The ALA recognises the importance of ensuring high quality, well annotated and described data for its community and is investing in the Data Quality Project over the 2020 calendar year to respond to feedback from stakeholder and user groups.
The project includes software development and other activities (e.g. training, workshops or other engagements) to enhance understanding of the quality characteristics of data available via the ALA.
What is the Data Quality Project
The Data Quality Project is being led by Miles Nicholls (former ALA Data Manager) supported by ALA senior management and the development team. The project aims to:
- Improve the ways users can assess data quality or fitness-for-purpose, improve reliability of data (e.g. taxonomic names, quality of species identifications)

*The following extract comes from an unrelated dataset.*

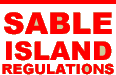 Sable Island Regulations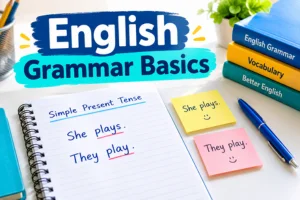 English Grammar Basics: A Simple Guide for Beginners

- Enhance ALA users’ understanding of the type of data in the ALA, and their attributes, and ways to assess fitness-for-use.
- Enhance the ALA stakeholder community’s understanding of the type and quality of data in the ALA.
- Provide clear information on what constitutes high quality data and support data providers to improve collection and curation of data.
How you can contribute to the Data Quality Project and help shape the ALA
The Data Quality Project is being run as a transparent and agile project with many opportunities for our users and stakeholders to contribute:
- Email firstname.lastname@example.org to sign up to receive project updates and invitations to beta test
- Take our survey and help us decide priorities and shape the work in our Data Quality Project. The survey will remain open until Tuesday 10 March 2020. We greatly value your feedback.
- Check the ALA Data Quality Project page for project updates
- View the Data Quality Project on GitHub to keep track of activities
- Use the Data Quality repository to add and comment on issues
- Follow us on Twitter
Why the ALA is focussing on data quality?
Data in the ALA is used by over 45,000 users to better understand the environment in areas such as biodiversity, conservation, biosecurity and agriculture. High quality, well annotated and well described data is essential for the community to undertake meaningful research and to inform decision-making.
Issues around data quality have been consistently raised in workshops, support enquiries and general feedback as an area for improvement in the ALA. Examples include: poor visibility of data quality attributes, confusion in regards to how to filter data, uncertainty about taxonomic and spatial accuracy of ALA data, insufficient metrics to assess whether data is fit for purpose, visibility of occurrence record metadata.
Data quality was raised as a weakness, threat and accordingly as a key opportunity in the national consultation process (read ALA Future Directions National Consultation Findings Report) .
The data quality project is a high priority strategic activity that will provide significant value to the ALA user community.